**Source data:**

++++++++

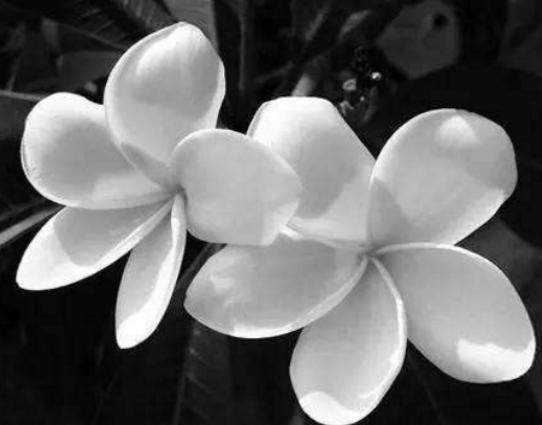 ����ʮ�󱯂��Ļ��Z��ݱ�»����Zĩ·֮�����˰������Z�����Ļؑ�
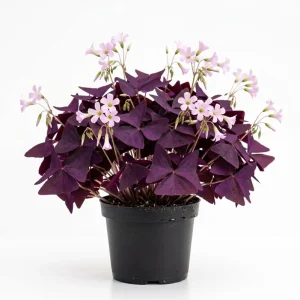 Oxalis Triangularis Live Plant - Purple Shamrock in 4-inch Pot, Indoor/Outdoor - Image 1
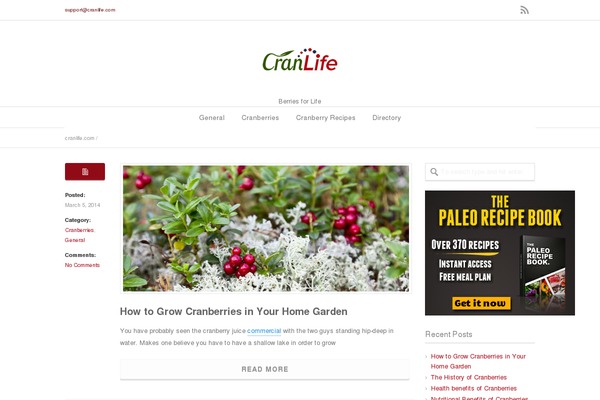 Frisco website example screenshot
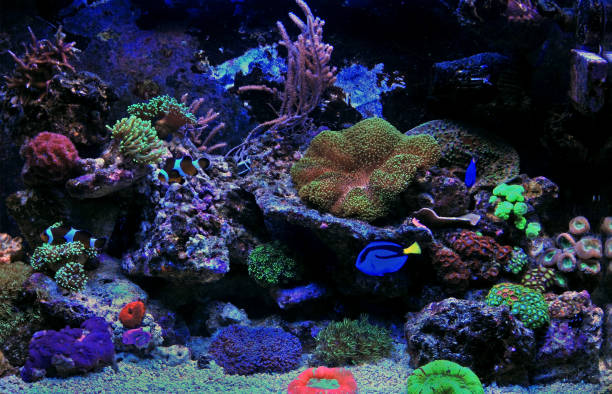 istock Coral reef aquarium tank 972563382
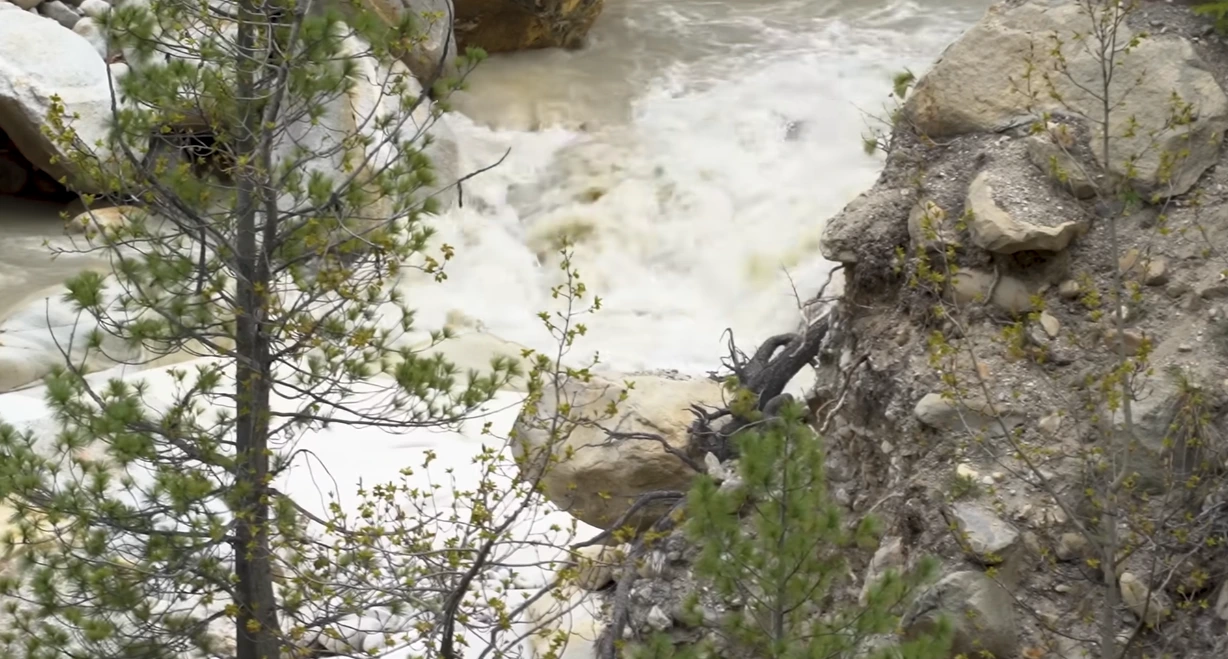 Gaumukh Tapovan Trek Package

++++++++

**What this task involves:** Please give again only the lines from the one containing "Frisco website example screenshot" through the last line of the entries above, exactly as they stand and without pictures.

**Final answer:**
 Frisco website example screenshot
 istock Coral reef aquarium tank 972563382
 Gaumukh Tapovan Trek Package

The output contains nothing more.